Claro. Tengo para mí que, incluso, el verdadero tema de "Composición de lugar" -más allá de lo anecdótico, deliberadamente fragmentado- es la reflexión sobre la lengua y sobre la estrategia narrativa capaz de convertir en novela esa reflexión.
Parece insinuarse, casi como entre líneas: si hay alguna identidad, ésta es de tipo lingüístico.
Exacto. Sólo se es lo que se escribe o, como se ha dicho ya hasta el cansancio citando a Adorno, la única patria de un escritor es la lengua, o la escritura. Creo profundamente en eso, sin pretender convertirlo en una verdad consensual.

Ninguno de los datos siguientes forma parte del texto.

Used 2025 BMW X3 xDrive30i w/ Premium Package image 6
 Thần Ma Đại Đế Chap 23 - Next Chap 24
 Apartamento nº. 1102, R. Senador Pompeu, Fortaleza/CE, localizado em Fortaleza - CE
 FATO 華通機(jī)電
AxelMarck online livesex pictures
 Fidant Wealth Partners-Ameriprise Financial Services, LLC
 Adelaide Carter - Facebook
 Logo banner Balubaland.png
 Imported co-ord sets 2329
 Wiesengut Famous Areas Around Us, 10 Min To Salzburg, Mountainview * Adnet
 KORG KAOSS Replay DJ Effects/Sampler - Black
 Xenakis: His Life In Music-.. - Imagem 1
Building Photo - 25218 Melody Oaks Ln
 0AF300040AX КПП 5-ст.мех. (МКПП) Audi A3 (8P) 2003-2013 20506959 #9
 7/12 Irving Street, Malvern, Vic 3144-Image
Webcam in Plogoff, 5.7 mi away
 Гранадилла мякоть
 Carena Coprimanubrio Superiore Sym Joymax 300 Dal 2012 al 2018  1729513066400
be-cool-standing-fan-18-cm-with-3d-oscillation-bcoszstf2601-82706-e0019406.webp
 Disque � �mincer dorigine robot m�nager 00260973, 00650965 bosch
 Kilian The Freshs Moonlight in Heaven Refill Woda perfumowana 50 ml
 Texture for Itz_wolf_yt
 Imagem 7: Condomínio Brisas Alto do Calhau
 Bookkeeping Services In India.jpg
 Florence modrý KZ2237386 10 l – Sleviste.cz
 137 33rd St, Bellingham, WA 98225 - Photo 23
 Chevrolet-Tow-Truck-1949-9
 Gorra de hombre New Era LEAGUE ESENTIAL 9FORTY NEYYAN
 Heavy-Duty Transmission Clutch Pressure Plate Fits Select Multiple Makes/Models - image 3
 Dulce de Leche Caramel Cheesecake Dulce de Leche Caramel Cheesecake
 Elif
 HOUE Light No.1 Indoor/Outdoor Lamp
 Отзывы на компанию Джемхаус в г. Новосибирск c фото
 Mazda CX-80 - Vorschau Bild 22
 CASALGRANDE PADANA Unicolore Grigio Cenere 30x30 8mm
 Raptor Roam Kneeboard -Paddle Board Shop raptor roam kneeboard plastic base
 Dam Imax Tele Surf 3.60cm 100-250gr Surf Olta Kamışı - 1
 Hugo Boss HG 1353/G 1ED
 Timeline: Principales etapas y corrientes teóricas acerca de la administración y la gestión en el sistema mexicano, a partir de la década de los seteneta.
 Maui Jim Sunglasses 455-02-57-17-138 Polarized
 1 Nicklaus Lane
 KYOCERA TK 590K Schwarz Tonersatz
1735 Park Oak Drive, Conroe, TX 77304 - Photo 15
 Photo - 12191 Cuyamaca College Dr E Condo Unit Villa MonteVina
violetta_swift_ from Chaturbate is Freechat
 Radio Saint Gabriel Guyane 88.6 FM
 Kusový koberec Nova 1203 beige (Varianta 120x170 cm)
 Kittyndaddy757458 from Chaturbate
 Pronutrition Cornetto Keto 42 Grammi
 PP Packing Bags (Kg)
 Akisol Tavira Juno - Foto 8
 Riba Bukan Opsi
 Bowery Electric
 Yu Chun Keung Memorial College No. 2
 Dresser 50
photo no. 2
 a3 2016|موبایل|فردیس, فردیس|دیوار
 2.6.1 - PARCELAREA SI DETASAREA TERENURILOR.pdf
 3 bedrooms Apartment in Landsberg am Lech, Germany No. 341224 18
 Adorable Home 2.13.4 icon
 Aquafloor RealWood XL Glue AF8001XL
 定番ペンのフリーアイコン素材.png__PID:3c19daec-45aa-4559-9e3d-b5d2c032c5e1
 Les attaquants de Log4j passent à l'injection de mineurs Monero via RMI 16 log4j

En "Composición de lugar" se ponen en escena las relaciones entre ese español rioplatense que yo había manejado hasta entonces con el castellano peninsular, en sus diversas variantes regionales y, por debajo, el fantasma de la lengua italiana. Por otro lado, creo que se plantea una doble pregunta: qué narrar y cómo narrarlo. Desde luego, es una pregunta de la cual está plagada hoy en día la literatura de todo el mundo, ¿verdad? Pero es lo suficientemente central como para no poder soslayarla sin hipocresía. Me atrevería a decir que ya no hay historia -y cuidado con esto- en tanto la pregunta inicial de quien escribe no sea qué narrar y cómo hacerlo; porque en esa reflexión es donde estamos comprometidos o yo, por lo menos, trato de estarlo para intentar que en mi obra aparezca el espíritu de una época. Es evidente que el sujeto, el hombre de hoy, tiene un horizonte de certezas mucho más acotado y precario. No hay un saber totalizante sino un sinnúmero de saberes parciales y fragmentarios...
Y, paradójicamente, un ilusorio y abrumador incremento de la información.
Sí, porque la información genera una ilusión de conocimiento, funciona como sucedáneo del saber, mientras que éste aparece como inaccesible.
Esto aparece claramente en escena en "El fantasma imperfecto". Minelli intenta en vano, a lo largo de toda la novela, saber qué es lo que está ocurriendo, mientras es bombardeado por anuncios, noticias periodísticas y versiones entrecortadas...
De acuerdo. Así como en "Composición de lugar" se ponen en duda las posibilidades de la memoria individual para reconstruir una historia, en "El fantasma imperfecto" aparece de un modo explícito la imposibilidad de tener un conocimiento cierto de la realidad más pueril como es la que transcurre en ese aeropuerto. Siguiendo en esta línea, podría decirse que en la última novela de la trilogía, "La construcción del héroe", se pone en evidencia la imposibilidad del sujeto de reinscribirse en su propia historia. Se supone que Minelli, el protagonista, vuelve en esta novela a una escena conocida. Pero esta escena termina por resultarle completamente ajena. No escribe él la historia sino que es escrito por la historia, por un cúmulo de relatos fragmentarios y ajenos. Y esta, hoy por hoy, es la mejor metáfora que encontré para aludir a la situación del hombre contemporáneo.